AAGI-AU-RD-BFA: Exploring a flexible Bayesian framework for ASReml-compatible inference and prediction
Authors:
- Max Moldovan (Adelaide University),
- Emi Tanaka (Australian National University),
- Anabel Deltell (University of Valencia),
- Beata Sznajder (Adelaide University),
- Francis Hui (Australian National University)
The software package ASReml-R (The VSNi Team, 2023) offers a powerful and efficient framework for fitting complex linear mixed models, particularly in the fields of agriculture, plant breeding, and quantitative genetics. Its core strength lies in its ability to handle large unbalanced hierarchical datasets with multiple sources of random variation, often encountered in grain production practices. Unlike many general-purpose modelling tools, ASReml-R provides accurate control over variance structures, including spatial, temporal and autoregressive correlations, and supports complex model terms such as factor-level-specific variances, genotype-by-environment-by-management (GxExM) interactions, and non-linear associations. This flexibility combined with its speed and memory efficiency make it suited for small-to-moderately sized datasets and complex model structures.
However, in the context of future industry data complexity, it is starting to become clear that there are several constraining issues with using current and future versions of ASReml-R. These are outlined below:
- It requires a commercial license form VSNi which can be a significant cost for individuals or organizations that are intending to use it regularly. These costs further rise when it’s required to be used in conjunction with HPC.
- ASReml-R 4.2 is now being supported solely by VSNi and this has resulted in many issues including installation problems as well as bugs that have arisen through cutting edge research undertaken in AAGI.
- It’s a linear mixed model package that, outside approximation, is inherently constrained by linearity in its underlying model.
- Again, outside approximate methods, the underlying optimisation method requires tractability of the objective function being optimised (likelihood) to ensure straightforward parameter estimation and evaluation of model parameters. This means, in most cases, that parameters are required to be normally distributed.
- In some cases the software becomes unwieldy for models containing large numbers of fixed effects or complex interactions.
This project attempts to overcome these constraints through the exploration and development of a next-generation, open-source Bayesian modelling framework closely tailored to the current and future needs of the Australian grains industry. This approach overcomes the constraints through:
- Having easily accessible open-source Bayesian software that will significantly reduce user costs.
- Accessible support from software package owners.
- Flexibility to specify non-linearity in the Bayesian hierarchical models.
- Flexibility to specify non-normality of parameters and tackle intractable analyses.

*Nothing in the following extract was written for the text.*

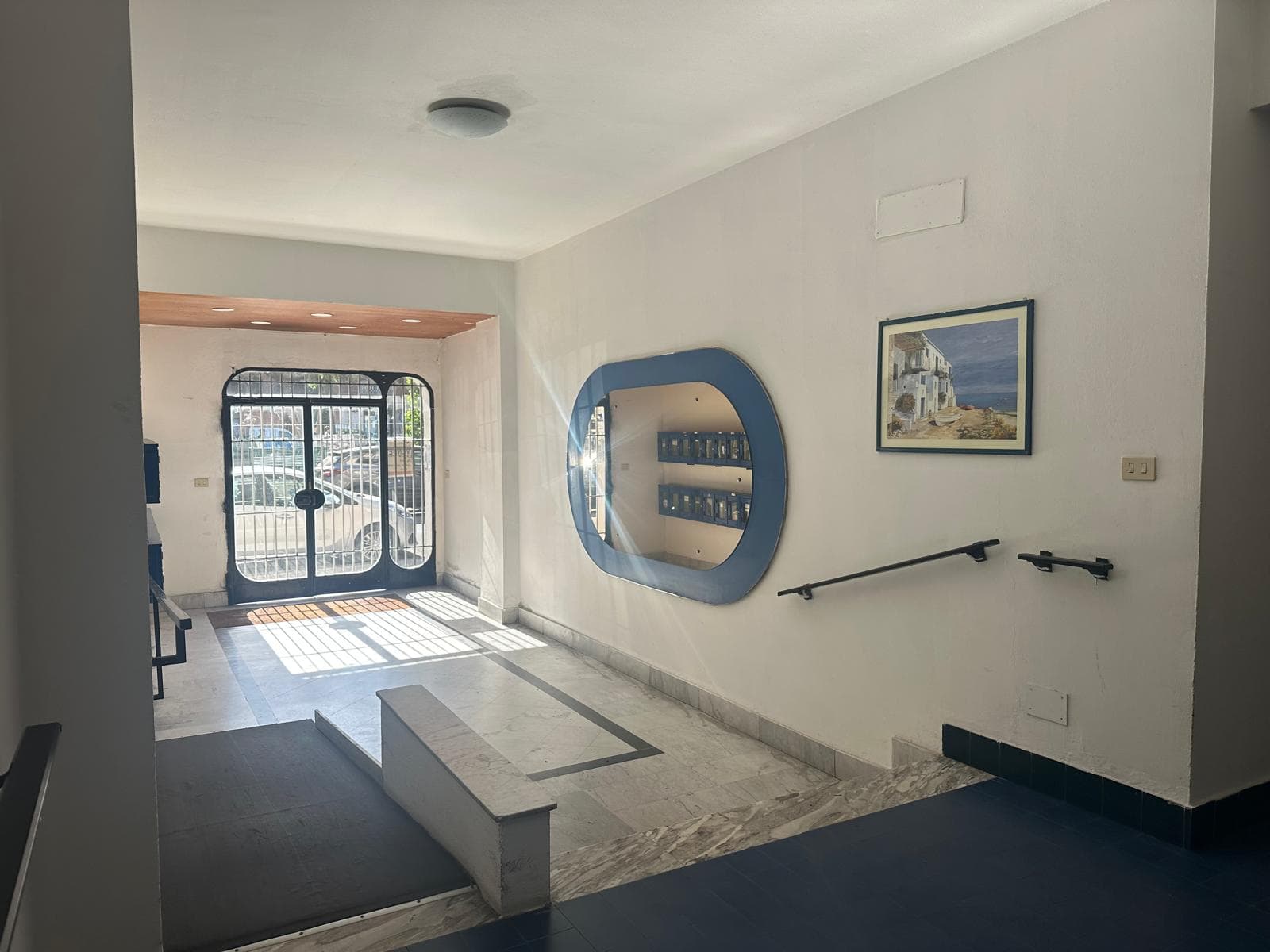 Interno di un ingresso moderno con pareti bianche, decorazioni minimaliste e porta d'ingresso in vetro con metallo, ideale per appartamenti e case in vendita o affitto a NextCasa.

- Flexibility in the size and complexity of data structures.
The proposed solution will explore the open-source suite of R package Bayesian tools available on the market that include, greta, Stan (brms), NIMBLE, JAGS (rjags), and INLA. To ensure industry relevance these will be benchmarked against ASReml-R using relevant data from the industry. The last three dot points will also allow us to explore the potential extended modelling capabilities of each of the software packages to help prepare a guide for their future use with the Australian grains industry. Further details and uses cases can be found in the Analytics & Methodology Justification section.